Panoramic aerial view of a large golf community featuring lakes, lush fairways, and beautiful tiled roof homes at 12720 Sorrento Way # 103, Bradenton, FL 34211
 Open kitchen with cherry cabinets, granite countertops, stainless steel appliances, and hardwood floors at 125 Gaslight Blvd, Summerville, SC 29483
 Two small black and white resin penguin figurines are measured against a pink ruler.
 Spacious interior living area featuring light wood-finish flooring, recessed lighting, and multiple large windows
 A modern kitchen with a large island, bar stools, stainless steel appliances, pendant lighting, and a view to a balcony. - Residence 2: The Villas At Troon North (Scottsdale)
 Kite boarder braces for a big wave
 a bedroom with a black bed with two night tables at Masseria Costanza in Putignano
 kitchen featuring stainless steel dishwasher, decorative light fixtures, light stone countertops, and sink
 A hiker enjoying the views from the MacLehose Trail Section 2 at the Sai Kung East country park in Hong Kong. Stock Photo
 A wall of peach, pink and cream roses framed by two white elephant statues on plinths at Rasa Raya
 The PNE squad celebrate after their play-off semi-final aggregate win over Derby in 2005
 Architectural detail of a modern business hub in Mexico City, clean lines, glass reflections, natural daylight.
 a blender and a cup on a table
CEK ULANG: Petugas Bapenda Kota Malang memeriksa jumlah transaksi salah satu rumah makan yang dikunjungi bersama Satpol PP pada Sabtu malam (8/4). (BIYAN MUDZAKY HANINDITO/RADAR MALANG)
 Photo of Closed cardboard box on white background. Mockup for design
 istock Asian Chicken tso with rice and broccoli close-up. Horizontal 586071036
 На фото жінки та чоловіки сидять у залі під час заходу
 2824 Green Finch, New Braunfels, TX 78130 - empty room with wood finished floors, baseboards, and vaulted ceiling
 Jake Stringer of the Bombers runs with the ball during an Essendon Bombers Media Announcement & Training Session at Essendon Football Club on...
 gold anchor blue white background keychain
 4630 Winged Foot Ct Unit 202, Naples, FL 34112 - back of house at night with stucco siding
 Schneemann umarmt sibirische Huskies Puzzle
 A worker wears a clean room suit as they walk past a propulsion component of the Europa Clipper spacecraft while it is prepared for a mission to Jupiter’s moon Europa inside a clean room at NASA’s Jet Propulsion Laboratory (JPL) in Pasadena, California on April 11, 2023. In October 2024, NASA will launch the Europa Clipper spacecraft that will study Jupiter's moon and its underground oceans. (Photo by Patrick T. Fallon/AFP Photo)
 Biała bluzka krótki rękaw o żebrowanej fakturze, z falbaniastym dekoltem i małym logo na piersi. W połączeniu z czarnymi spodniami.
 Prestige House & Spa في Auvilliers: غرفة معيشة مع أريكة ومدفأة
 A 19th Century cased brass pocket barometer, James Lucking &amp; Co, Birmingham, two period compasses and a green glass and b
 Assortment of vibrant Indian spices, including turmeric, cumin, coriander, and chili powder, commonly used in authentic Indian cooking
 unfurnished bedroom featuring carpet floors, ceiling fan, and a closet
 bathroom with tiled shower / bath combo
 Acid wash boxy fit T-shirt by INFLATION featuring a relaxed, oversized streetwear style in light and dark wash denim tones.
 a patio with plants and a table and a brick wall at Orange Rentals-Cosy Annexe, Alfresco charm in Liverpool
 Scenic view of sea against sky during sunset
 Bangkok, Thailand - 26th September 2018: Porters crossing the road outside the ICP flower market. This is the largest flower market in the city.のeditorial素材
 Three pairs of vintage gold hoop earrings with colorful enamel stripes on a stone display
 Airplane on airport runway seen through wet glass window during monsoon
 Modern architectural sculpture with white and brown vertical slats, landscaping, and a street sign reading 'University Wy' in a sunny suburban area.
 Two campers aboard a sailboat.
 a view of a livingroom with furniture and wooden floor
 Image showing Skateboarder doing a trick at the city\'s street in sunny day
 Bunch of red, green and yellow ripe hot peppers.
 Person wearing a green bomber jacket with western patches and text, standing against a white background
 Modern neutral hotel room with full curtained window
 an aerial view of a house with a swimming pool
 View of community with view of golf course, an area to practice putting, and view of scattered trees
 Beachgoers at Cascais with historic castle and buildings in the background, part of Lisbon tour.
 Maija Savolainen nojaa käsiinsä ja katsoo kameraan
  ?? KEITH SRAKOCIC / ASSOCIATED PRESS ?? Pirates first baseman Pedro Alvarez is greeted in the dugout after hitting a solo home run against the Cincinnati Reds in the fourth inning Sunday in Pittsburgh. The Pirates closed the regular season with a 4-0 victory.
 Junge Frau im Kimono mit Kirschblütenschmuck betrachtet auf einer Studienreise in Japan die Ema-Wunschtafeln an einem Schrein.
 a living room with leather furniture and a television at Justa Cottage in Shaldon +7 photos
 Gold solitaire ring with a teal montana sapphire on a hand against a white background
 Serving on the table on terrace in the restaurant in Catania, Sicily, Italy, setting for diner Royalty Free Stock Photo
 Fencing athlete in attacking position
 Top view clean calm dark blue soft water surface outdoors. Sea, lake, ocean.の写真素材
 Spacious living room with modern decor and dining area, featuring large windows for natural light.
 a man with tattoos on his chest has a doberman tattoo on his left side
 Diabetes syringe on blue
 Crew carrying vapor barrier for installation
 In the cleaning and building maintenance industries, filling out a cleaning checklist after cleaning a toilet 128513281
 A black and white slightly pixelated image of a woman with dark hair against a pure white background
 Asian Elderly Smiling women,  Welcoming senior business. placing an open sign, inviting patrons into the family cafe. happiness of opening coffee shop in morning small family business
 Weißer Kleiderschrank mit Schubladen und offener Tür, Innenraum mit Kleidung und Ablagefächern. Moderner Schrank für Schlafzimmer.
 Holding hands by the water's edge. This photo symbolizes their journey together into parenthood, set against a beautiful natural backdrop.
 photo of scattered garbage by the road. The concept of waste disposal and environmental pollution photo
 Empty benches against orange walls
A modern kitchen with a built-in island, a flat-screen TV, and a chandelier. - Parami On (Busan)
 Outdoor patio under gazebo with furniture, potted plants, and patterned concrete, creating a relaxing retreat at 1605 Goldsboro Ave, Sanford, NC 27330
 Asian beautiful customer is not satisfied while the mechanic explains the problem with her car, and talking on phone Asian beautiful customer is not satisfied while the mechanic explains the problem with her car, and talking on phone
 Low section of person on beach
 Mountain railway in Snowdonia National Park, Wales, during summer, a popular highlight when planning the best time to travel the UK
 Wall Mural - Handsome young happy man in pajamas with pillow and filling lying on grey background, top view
------------------------
Where the data above reaches the line holding "4630 Winged Foot", begin printing, and stop after the line holding "bathroom with tiled shower / bath combo". Each line must be reproduced exactly, with nothing else added.

 4630 Winged Foot Ct Unit 202, Naples, FL 34112 - back of house at night with stucco siding
 Schneemann umarmt sibirische Huskies Puzzle
 A worker wears a clean room suit as they walk past a propulsion component of the Europa Clipper spacecraft while it is prepared for a mission to Jupiter’s moon Europa inside a clean room at NASA’s Jet Propulsion Laboratory (JPL) in Pasadena, California on April 11, 2023. In October 2024, NASA will launch the Europa Clipper spacecraft that will study Jupiter's moon and its underground oceans. (Photo by Patrick T. Fallon/AFP Photo)
 Biała bluzka krótki rękaw o żebrowanej fakturze, z falbaniastym dekoltem i małym logo na piersi. W połączeniu z czarnymi spodniami.
 Prestige House & Spa في Auvilliers: غرفة معيشة مع أريكة ومدفأة
 A 19th Century cased brass pocket barometer, James Lucking &amp; Co, Birmingham, two period compasses and a green glass and b
 Assortment of vibrant Indian spices, including turmeric, cumin, coriander, and chili powder, commonly used in authentic Indian cooking
 unfurnished bedroom featuring carpet floors, ceiling fan, and a closet
 bathroom with tiled shower / bath combo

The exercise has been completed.